Na użytkach zielonych, które nie są użytkowane kośnie lub pastwiskowo, ważne jest przeprowadzenie jednorazowego koszenia. Także opóźnianie terminu zbioru pierwszego pokosu do stadium kwitnienia zwiększa liczbę gatunków roślin i zapewnienia lepsze warunki życiowe dla egzystencji ptaków.

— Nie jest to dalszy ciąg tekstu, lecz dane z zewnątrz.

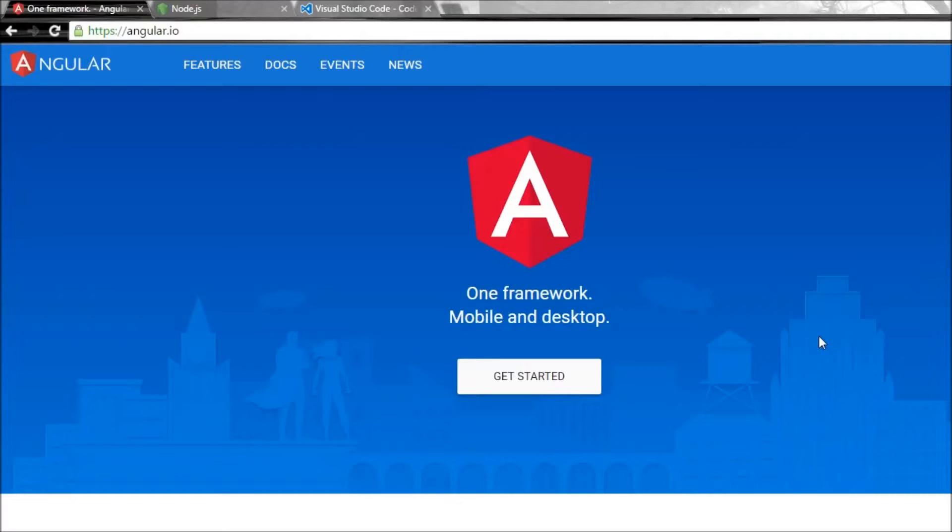Okay, welcome back guys. In this video, let us see what are the different things that we need to start building our Angular application.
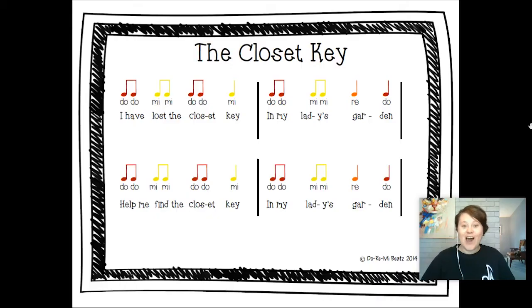Let's see if you can guess what song it is: do do me me do do me, do do me me red oh. If you're in second or third grade, maybe fourth, you should know what this song is. If you're in kinder through first, let's learn it together. Fifth grade, we may not have played it, so come learn it with me.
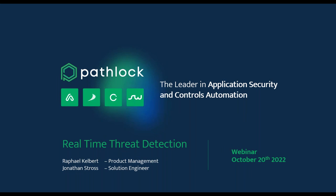Welcome everyone and thank you for joining today. The title of today's webinar is Real-Time Threat Detection. Our speakers today are Rafael Kelpert and Jonathan Strauss. My name is Stephanie Anderson, the global webinar manager here at PathLock. Before we go any further and they introduce themselves, I'd just like to go over a few housekeeping items.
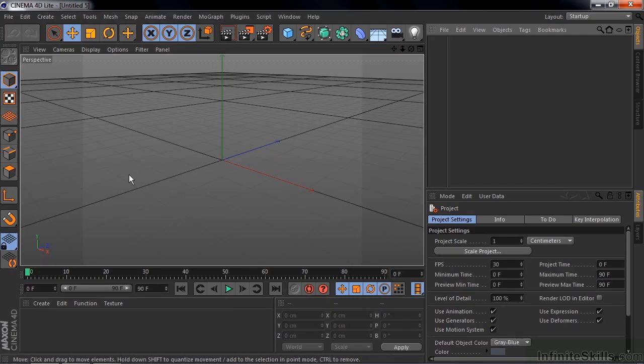You can open Adobe Illustrator files inside Cinema 4D Lite and then use the paths from those Illustrator files as splines to create 3D objects from them. There's a workflow you need to follow to do that, and I'm going to show you how in this lesson. If you don't own Adobe Illustrator, all is not lost — I've provided an Illustrator file for you to use as an example inside Cinema 4D. Even if you don't own Illustrator, it's worth your while to follow along.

Trzeba umiejętnie łączyć cele rolnicze z ochroną przyrody. Kompleksy łąk z możliwością rozwoju dużej różnorodności florystycznej oraz gatunkami narażonymi na wyginięcie mogą być uznawane jako powierzchnie do ochrony ginących gatunków, co uwzględniają także programy rolno-środowiskowe.
W podsumowaniu należy dodać, że w ostatnich latach nasiliło się wymieranie niektórych gatunków roślin łąkowych. Utrata każdego gatunku oznacza zmniejszenie stabilności całego ekosystemu, jest naruszeniem całej sieci powiązań. Jest to wreszcie strata niepowtarzalnego układu genetycznego oraz pozbawienie ewolucji materiału do ciągłych przemian.
Ograniczenie i wyeliminowanie szkodliwych oddziaływań między innymi wypalania traw, może stać się skuteczną formą ochrony flory, przed tym niekorzystnym zjawiskiem.